Geralt walked cautiously beside him, scanning the shadowed trees they approached for signs of danger, listening to the night, the wind in the trees, toads chirruping, the waterfall rushing at their backs growing further and quieter with every step.
For once in his life, Dandelion was actually quiet. Geralt wondered if he was scared.
The two of them had seen plenty of danger and adventure together, or so the bard was always bragging, but try as he might the witcher couldn’t remember any of those dangerous adventures. He had to take Dandelion at his word, something he did with reservation, which only made him all the more certain he’d once known the troubadour far better than his memory allowed him to recall.
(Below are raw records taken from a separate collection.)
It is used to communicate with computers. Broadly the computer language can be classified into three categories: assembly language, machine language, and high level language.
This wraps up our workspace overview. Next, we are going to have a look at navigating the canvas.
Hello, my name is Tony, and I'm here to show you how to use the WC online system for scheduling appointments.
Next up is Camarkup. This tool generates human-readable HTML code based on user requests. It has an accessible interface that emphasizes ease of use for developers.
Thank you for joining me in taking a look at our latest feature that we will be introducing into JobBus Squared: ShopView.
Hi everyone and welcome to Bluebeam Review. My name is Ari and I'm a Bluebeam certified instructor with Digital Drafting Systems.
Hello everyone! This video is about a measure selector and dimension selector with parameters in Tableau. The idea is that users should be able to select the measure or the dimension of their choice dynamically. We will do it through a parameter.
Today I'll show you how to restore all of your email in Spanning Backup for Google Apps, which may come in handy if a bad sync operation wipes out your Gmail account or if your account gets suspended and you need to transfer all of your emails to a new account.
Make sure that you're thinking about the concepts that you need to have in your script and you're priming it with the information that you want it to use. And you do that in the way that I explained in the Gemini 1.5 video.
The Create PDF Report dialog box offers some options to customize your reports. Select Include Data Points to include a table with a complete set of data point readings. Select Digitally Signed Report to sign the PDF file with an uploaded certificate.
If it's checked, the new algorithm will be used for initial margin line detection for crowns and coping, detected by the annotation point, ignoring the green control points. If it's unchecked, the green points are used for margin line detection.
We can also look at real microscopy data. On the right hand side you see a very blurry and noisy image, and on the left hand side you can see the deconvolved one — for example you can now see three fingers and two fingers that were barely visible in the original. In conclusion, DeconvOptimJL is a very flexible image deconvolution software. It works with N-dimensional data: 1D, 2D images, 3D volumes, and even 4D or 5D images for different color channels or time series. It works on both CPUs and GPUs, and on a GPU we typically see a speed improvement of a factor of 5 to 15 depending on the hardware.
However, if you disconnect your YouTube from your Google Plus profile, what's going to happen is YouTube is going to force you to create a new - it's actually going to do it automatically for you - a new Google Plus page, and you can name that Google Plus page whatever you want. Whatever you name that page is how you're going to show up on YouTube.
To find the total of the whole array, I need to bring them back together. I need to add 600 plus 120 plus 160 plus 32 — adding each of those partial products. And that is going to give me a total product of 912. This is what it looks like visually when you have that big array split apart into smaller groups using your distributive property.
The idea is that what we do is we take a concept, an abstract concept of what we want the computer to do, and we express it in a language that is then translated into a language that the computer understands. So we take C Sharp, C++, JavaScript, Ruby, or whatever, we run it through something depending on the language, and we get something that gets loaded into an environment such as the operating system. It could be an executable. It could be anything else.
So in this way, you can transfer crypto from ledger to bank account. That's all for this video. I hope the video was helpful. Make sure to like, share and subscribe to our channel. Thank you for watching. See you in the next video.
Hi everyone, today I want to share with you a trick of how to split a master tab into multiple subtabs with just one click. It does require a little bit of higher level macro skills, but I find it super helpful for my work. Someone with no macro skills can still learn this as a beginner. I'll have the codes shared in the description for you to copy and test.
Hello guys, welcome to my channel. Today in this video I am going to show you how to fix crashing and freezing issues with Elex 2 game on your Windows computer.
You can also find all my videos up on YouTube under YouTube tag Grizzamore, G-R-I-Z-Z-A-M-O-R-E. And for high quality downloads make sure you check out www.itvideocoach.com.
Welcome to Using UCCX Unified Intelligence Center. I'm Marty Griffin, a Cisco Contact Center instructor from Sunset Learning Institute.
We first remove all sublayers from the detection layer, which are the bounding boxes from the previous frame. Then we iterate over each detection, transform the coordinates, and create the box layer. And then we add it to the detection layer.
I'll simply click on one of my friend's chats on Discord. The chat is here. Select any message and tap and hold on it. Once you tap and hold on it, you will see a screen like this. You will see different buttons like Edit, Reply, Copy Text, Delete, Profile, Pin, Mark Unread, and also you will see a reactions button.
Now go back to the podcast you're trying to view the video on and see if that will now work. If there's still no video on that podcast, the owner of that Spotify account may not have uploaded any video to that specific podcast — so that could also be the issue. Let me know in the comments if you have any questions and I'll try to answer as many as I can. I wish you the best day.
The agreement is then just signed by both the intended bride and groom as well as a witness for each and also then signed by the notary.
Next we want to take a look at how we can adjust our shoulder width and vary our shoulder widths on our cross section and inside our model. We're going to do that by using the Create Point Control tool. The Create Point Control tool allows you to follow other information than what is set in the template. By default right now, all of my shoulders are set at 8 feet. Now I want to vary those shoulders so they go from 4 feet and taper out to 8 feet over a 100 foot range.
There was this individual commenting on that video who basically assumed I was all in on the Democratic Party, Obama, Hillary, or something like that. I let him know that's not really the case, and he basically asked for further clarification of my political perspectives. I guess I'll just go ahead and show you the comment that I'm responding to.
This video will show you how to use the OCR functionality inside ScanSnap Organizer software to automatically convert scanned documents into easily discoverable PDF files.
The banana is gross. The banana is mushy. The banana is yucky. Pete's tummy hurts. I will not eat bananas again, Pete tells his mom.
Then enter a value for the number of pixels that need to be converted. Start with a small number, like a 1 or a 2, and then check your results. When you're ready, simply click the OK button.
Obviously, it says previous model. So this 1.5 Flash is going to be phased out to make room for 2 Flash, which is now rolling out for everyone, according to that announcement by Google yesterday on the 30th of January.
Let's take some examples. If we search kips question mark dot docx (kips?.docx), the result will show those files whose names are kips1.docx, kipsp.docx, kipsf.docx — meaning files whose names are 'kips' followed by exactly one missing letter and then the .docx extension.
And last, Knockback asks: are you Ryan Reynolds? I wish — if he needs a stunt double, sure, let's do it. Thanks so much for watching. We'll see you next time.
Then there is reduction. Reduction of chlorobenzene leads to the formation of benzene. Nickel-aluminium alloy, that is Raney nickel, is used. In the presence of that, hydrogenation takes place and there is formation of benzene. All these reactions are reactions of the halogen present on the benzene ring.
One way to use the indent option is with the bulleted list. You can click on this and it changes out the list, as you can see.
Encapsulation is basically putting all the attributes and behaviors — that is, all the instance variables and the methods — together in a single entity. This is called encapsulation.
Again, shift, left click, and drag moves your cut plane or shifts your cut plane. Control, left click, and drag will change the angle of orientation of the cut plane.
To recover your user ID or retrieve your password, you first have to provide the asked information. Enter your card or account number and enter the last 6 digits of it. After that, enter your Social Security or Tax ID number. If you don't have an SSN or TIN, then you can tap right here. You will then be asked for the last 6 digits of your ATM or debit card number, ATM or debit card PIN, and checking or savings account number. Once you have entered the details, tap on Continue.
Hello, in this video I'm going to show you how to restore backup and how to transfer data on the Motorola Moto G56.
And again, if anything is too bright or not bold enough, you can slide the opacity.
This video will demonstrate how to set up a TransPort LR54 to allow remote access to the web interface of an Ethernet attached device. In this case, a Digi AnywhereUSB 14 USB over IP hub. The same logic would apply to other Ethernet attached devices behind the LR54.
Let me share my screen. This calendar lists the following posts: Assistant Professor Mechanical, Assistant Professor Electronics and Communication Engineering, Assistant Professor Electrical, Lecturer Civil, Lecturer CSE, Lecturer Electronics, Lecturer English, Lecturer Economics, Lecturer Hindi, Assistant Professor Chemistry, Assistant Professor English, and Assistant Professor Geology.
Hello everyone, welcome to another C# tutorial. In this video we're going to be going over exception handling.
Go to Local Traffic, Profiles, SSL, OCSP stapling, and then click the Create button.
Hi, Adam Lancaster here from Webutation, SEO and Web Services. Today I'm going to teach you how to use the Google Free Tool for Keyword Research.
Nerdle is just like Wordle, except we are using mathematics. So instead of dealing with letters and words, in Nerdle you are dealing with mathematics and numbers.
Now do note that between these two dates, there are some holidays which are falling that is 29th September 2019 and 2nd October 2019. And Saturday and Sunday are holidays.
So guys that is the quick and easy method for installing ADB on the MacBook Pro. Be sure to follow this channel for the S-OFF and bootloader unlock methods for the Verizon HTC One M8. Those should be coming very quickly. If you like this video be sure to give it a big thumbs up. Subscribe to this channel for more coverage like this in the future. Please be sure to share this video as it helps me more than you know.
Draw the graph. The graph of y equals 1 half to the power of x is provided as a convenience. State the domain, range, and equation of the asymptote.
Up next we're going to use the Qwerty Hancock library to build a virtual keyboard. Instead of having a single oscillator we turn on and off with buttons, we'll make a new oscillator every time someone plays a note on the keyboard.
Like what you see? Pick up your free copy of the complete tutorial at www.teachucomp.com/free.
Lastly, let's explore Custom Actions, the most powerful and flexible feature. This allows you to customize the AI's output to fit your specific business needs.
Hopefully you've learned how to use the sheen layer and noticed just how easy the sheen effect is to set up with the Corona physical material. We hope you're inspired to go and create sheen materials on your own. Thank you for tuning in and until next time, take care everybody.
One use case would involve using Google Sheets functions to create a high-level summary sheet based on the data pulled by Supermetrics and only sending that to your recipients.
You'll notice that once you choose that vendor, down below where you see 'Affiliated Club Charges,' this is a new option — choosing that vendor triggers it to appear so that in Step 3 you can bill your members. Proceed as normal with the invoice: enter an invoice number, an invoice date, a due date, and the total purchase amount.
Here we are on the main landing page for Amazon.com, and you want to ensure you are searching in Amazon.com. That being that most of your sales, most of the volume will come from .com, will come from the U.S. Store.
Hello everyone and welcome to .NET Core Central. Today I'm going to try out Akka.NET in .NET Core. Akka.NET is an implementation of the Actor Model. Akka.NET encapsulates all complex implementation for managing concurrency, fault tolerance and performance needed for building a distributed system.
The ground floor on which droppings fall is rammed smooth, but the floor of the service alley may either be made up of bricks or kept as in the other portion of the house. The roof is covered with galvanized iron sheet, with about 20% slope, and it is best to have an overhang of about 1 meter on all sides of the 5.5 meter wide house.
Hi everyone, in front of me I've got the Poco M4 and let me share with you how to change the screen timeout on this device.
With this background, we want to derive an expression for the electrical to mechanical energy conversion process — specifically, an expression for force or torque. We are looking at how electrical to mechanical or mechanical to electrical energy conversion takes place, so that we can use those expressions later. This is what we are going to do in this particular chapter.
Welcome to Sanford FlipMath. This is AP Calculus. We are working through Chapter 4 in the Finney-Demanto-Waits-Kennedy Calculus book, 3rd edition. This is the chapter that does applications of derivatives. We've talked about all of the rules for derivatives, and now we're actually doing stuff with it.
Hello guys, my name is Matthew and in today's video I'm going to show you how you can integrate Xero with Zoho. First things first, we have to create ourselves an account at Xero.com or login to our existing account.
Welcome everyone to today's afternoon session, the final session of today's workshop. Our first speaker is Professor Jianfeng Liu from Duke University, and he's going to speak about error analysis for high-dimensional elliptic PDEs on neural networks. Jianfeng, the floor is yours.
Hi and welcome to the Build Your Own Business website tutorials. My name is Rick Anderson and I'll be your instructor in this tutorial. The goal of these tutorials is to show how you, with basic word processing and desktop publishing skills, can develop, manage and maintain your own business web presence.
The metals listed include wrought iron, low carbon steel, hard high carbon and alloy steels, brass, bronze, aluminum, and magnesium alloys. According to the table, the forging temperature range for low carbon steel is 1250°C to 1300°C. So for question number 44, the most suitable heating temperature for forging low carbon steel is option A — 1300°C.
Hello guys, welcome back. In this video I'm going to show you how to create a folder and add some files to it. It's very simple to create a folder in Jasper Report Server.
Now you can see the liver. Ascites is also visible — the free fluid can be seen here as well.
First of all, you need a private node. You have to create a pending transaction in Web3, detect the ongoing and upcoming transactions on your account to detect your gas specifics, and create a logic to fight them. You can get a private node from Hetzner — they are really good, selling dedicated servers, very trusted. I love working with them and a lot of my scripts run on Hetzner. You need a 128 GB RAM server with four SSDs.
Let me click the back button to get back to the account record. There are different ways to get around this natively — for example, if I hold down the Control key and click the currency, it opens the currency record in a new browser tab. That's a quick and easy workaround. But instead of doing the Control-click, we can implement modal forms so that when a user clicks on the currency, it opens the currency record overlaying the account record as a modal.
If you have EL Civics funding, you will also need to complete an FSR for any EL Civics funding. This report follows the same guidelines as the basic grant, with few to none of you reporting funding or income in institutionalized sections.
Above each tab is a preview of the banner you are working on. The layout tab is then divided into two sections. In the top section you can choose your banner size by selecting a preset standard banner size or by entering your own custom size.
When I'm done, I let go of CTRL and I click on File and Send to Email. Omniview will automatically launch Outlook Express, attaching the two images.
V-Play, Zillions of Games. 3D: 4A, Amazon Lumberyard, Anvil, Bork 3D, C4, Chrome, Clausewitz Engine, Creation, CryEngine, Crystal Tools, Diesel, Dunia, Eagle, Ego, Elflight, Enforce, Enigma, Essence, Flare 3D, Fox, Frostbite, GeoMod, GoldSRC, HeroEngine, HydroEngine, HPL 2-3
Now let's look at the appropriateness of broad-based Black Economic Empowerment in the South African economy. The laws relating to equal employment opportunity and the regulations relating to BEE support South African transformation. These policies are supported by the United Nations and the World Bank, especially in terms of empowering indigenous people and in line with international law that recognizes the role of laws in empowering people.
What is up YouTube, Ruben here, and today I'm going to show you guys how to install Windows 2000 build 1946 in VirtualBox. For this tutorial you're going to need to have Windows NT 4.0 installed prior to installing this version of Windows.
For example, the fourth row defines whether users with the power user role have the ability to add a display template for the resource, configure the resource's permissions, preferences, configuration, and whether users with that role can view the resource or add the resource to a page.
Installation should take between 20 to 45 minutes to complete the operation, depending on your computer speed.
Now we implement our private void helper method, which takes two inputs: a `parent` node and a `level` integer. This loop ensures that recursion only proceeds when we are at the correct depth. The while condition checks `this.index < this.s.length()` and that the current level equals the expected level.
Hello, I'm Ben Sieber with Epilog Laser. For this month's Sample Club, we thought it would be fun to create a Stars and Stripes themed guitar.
There were ruins just beyond the river, glinting eyes, not unlike his own, staring out at them from the shadowy protection of stone and trees as they edged their way quietly along the path. Iorveth continued to follow the trail, but Geralt kept his eye on the grass around them, searching for signs that someone else had recently made their way, been diverted from the trail drawn off the path.
He found exactly what he was looking for just outside the walls of the old ruins, leading away from the path.
“Here,” he said hunkering down beside the road and gesturing with his hand, “look at this.”
Iorveth continued on for several steps before he realized he was walking alone, and then he turned back to rejoin them. “What is it?”
“Someone or something went off the path here.” He pointed out a well-disguised cut through the grass none but him could see at first. “See how the grass lays in vertical cross patterns, almost as if something heavy crushed it in a steady, flowing swish of movement. It wound through those trees heading east.”
Iorveth tilted his head, squinted his eye and nodded agreement. “I see it, but that makes no sense if she was following my hanse. We went that way,” he gestured back over his shoulder.
“You don’t know that she was following you,” Geralt pointed out.
“And even if she was, why would she leave the path?” Helti muttered. “She is very clever. She would know better.”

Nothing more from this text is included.